Who Created That Service Principal? Tracing It Back with Microsoft Graph
- Shannon

- Apr 12
- 4 min read
As with previous posts, all source code and a corresponding GitHub repository can be found here!
This is one of those questions that seems like it should have a straightforward answer, but it doesn't because what good fun would that be if there were a straightforward answer? I'm sure you've been here before: someone spots an enterprise application in Microsoft Entra ID, notices it has permissions or credentials attached, and naturally asks: who created this thing?
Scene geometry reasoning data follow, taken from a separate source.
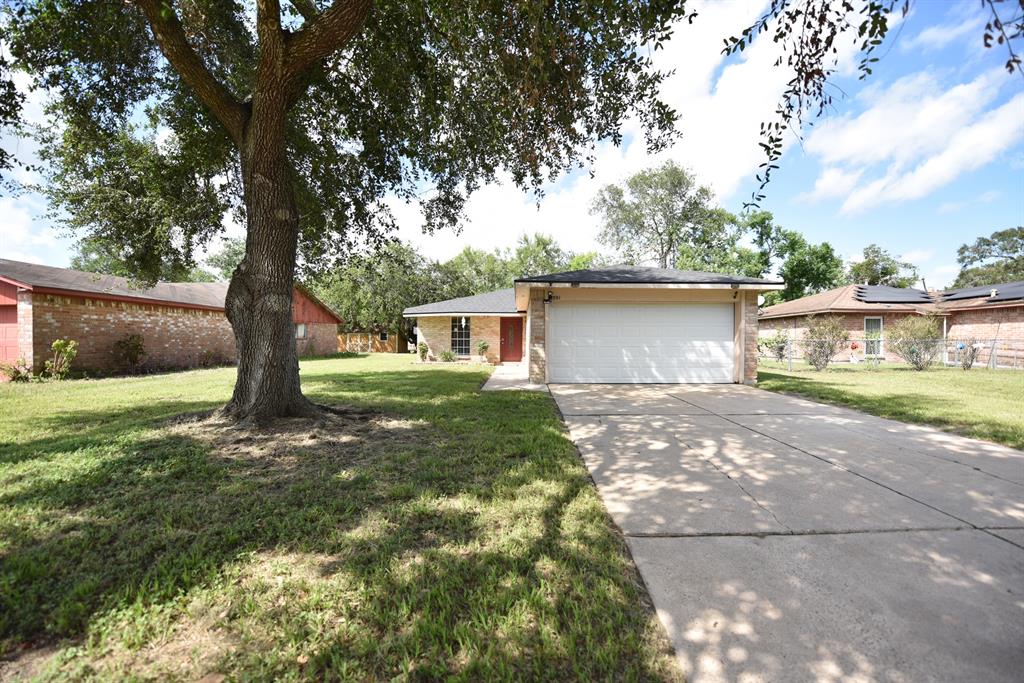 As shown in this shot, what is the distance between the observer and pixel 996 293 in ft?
57.8

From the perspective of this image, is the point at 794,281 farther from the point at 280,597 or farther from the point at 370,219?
the point at 280,597

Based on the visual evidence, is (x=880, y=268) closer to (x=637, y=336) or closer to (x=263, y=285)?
(x=637, y=336)

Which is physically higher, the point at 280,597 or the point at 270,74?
the point at 270,74

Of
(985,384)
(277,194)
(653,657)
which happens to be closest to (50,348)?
(277,194)

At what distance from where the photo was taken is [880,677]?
163cm

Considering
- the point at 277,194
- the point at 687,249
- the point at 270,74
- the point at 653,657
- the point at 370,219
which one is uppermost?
the point at 687,249

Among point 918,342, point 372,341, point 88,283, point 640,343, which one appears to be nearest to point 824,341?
point 918,342

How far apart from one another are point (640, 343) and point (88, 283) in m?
18.1

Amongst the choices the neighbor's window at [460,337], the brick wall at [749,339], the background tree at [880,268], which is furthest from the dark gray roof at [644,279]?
the background tree at [880,268]

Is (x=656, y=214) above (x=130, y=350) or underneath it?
above

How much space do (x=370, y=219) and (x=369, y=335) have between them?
940 inches

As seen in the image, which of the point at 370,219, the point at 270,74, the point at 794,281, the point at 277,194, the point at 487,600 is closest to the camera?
the point at 487,600

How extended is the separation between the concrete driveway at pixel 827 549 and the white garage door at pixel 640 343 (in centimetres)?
529

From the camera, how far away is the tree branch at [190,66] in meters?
5.11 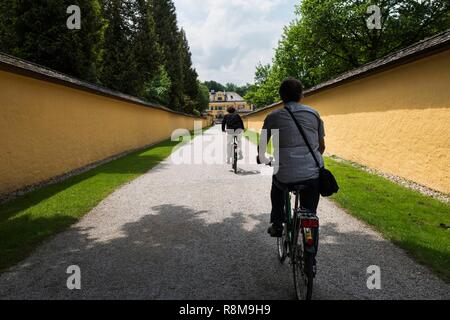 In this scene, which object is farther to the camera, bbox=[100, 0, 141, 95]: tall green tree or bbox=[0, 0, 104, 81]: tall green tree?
bbox=[100, 0, 141, 95]: tall green tree

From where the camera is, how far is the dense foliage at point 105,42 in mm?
15930

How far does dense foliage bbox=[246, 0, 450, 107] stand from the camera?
26000 mm

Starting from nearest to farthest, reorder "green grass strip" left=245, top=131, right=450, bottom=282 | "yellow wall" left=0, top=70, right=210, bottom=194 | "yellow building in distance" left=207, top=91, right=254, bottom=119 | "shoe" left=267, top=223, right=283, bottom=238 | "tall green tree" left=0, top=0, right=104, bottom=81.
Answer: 1. "shoe" left=267, top=223, right=283, bottom=238
2. "green grass strip" left=245, top=131, right=450, bottom=282
3. "yellow wall" left=0, top=70, right=210, bottom=194
4. "tall green tree" left=0, top=0, right=104, bottom=81
5. "yellow building in distance" left=207, top=91, right=254, bottom=119

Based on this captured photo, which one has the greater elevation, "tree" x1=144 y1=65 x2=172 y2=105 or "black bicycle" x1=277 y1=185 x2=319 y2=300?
"tree" x1=144 y1=65 x2=172 y2=105

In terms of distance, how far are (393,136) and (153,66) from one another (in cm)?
2764

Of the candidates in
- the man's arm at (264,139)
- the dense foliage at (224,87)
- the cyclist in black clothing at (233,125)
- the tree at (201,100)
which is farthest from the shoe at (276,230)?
the dense foliage at (224,87)

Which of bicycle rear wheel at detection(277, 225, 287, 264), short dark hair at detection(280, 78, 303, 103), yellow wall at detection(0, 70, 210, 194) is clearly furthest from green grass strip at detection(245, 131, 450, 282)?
yellow wall at detection(0, 70, 210, 194)

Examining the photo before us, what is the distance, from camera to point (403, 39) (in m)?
27.0

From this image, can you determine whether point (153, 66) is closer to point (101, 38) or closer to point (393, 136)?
point (101, 38)

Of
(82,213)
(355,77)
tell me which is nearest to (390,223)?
(82,213)

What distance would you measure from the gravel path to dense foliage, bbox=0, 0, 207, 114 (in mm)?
13716

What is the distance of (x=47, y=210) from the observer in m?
6.02

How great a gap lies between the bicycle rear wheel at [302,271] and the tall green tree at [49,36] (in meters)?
17.5

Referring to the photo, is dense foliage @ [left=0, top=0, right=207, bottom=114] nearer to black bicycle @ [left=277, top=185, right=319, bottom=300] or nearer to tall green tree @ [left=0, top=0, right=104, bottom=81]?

If you start digging through the service principal object in Microsoft Graph, you'll quickly notice something odd. You can pull properties like the display name, app ID, object ID, and creation timestamp, but there's no field that simply says "created by Shannon on Tuesday afternoon." That information lives somewhere else (of course it does, Microsoft!).
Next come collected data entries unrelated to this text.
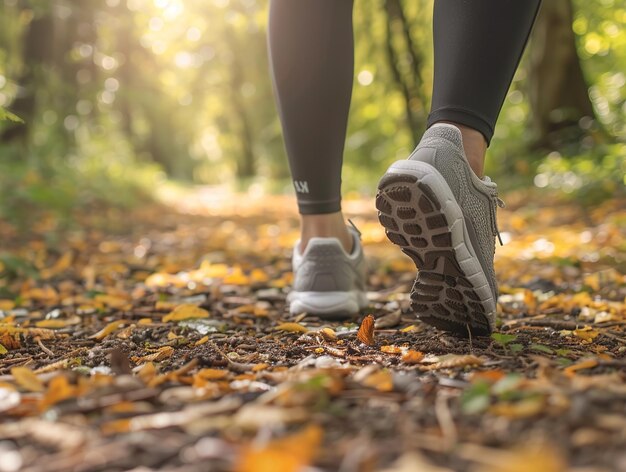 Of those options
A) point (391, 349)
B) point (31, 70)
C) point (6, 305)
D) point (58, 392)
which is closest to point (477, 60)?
point (391, 349)

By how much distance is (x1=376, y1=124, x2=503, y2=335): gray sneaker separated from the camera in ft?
4.09

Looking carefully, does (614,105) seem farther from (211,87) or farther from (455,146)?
(211,87)

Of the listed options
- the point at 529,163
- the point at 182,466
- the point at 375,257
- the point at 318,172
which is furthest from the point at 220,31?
the point at 182,466

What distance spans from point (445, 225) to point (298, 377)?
445 mm

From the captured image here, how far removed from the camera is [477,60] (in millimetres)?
1312

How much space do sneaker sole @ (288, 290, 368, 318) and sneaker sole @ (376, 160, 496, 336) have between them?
1.24ft

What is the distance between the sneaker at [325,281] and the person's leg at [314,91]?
0.07 m

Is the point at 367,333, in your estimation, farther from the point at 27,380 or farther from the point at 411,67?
the point at 411,67

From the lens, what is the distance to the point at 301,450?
0.71 m

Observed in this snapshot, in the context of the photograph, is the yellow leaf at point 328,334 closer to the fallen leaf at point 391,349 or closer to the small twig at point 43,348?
the fallen leaf at point 391,349

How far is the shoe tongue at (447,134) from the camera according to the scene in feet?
4.27

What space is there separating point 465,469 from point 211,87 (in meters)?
21.8

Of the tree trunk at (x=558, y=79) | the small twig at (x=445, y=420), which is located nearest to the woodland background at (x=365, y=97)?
the tree trunk at (x=558, y=79)

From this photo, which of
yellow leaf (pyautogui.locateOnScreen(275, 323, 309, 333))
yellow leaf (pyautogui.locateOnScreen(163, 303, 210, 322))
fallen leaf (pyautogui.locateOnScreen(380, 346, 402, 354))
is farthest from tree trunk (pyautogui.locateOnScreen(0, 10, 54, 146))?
fallen leaf (pyautogui.locateOnScreen(380, 346, 402, 354))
Here's the short version: the service principal object tells you when it was created, but the identity of the creator is recorded in the Microsoft Entra audit logs. To answer the full question, you need to correlate the service principal object with the audit log entry which captured the creation event. Microsoft Graph exposes both pieces, so you can absolutely track this down, as long as the audit logs are still available (that's the "gotcha").
Microsoft documents the service principal resource here: https://learn.microsoft.com/en-us/graph/api/resources/serviceprincipal
The directory audit log resource that records events like service principal creation lives here: https://learn.microsoft.com/en-us/graph/api/directoryaudit-list
The audit event you're looking for is called "Add service principal".
Step 1. Identify the service principal
Start by retrieving the service principal object. This script gives you the object ID and creation timestamp, both useful for correlation.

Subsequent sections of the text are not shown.